At Google I mentioned to Eric that we'd been in this movie before :-) He
pointed out the numbers were a lot bigger in the picture on this go round.
From what I hear from friends who have left after I did, the movie is playing
out the same way.

The last group I was in at Sun was the Java group that later was the core of
JavaSoft. It had been populated with low employee number 'refugees' as one of
them put it. A number of folks certainly had enough money to not work if they
chose to. But an interesting thing happens.

When you suddenly have enough money in the bank so that you can quit when ever
you want, you lose your fear of losing your job and trying to find another.
And not having that fear to hold you back, can be tremendously empowering.

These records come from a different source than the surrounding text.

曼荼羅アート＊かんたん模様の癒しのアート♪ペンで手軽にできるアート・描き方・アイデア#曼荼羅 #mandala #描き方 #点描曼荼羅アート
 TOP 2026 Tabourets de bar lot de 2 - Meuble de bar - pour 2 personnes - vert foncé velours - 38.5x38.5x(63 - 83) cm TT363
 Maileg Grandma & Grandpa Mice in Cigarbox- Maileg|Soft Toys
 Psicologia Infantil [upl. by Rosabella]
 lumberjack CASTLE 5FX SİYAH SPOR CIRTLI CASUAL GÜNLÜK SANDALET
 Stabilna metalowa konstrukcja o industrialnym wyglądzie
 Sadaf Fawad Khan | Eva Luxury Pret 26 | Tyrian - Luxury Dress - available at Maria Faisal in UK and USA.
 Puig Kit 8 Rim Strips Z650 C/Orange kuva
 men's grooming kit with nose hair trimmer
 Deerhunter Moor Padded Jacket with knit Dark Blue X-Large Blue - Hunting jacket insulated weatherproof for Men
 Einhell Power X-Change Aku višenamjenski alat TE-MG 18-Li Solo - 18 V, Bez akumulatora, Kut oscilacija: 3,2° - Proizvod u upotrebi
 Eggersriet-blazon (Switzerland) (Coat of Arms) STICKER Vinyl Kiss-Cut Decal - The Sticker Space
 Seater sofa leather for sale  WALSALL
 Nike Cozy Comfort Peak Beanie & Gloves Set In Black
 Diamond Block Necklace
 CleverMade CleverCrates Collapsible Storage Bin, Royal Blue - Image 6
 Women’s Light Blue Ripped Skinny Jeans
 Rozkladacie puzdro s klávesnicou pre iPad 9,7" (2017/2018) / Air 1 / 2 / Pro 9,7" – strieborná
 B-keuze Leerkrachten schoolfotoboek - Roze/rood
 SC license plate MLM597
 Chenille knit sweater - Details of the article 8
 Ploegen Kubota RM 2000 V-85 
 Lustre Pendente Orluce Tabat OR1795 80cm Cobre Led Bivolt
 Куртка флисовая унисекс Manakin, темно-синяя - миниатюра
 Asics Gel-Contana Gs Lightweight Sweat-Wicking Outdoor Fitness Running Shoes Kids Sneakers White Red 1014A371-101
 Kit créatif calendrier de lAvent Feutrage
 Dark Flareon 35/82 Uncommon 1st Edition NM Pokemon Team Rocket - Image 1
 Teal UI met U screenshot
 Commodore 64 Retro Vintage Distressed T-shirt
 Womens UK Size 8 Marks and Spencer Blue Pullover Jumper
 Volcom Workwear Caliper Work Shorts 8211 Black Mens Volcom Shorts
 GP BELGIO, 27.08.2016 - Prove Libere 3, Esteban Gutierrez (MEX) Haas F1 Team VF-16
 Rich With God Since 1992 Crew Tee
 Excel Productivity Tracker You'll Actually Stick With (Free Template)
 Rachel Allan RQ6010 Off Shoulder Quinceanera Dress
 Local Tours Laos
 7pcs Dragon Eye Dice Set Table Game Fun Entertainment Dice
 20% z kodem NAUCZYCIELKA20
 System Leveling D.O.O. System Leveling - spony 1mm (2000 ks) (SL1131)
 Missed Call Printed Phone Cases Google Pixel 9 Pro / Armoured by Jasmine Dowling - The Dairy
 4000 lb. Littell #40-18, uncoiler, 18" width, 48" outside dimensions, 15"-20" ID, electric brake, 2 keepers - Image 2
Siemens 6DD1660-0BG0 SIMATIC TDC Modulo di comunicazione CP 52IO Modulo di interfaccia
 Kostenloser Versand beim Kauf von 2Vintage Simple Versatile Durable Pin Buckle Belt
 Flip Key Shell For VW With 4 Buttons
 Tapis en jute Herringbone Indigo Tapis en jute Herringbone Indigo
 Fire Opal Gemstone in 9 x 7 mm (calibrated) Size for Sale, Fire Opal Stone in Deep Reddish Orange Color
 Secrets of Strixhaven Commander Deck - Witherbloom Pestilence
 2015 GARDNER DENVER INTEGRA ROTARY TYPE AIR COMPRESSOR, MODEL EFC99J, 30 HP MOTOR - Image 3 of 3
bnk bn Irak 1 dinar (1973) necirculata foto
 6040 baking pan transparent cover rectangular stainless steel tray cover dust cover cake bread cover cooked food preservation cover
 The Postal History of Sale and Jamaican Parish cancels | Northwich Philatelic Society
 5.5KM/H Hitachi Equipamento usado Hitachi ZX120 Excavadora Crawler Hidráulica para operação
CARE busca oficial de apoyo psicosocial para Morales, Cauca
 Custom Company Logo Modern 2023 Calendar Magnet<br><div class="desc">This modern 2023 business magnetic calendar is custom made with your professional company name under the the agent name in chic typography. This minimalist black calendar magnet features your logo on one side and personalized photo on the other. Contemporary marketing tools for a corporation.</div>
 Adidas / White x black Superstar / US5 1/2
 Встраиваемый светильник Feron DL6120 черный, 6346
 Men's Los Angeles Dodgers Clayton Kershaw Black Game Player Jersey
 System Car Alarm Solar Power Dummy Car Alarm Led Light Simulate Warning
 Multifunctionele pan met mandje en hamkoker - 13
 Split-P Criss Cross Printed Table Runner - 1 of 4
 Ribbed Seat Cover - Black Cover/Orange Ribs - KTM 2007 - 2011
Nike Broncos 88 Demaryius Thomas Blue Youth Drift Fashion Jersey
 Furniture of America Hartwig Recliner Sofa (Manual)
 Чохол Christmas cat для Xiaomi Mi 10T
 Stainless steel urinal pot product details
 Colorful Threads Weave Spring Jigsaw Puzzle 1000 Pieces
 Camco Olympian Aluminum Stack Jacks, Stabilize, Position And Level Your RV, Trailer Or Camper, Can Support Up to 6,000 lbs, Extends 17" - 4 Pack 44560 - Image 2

This was one of the messages in the movie Office Space which is sometimes
expressed as 'Work like you don't need to work.'

The change is both subtle and dramatic. People stand up for things they value
rather than things they think they should support. They sometimes stop
everything they are doing to spend a couple of months to help a promising new
employee get their bearings and become effective. They push back on schedule
fantasies with hard nosed realities, they tell upper management when things
are borked or when they are making bad calls. When you don't care if you get
fired, as long as your a reasonably principled person, you can become
immensely more effective.

And you learn is that it isn't that you don't like work, its that you don't
like bogus things that get in your way at work. Nearly every single person I
know who has 'retired' it really meant they stopped reporting to someone else
and instead invested their time and energy into things they were passionate
about and could make a big impact on. Sure pretty much everyone takes some
time off to just breathe and think three related thoughts in succession, but
once decompressed from the demands of that large organization, they engage in
their vision with diligence and passion. Because of that I am not at all
surprised when people who became financially independent at a company continue
to work there for many more years. _How_ they work changes, and sometimes what
they work on changes, but making things happen is a powerful drug.

As for the median thing, my experience is that people I've interviewed have
short stints with longer stints in the middle, so they go job A -> B -> C then
at job D they find someone or something to keep their attention and work there
for a longer time 5, 6, 10 years then move on. My cycle time seems to be 5 to
10 years but its really an individual thing.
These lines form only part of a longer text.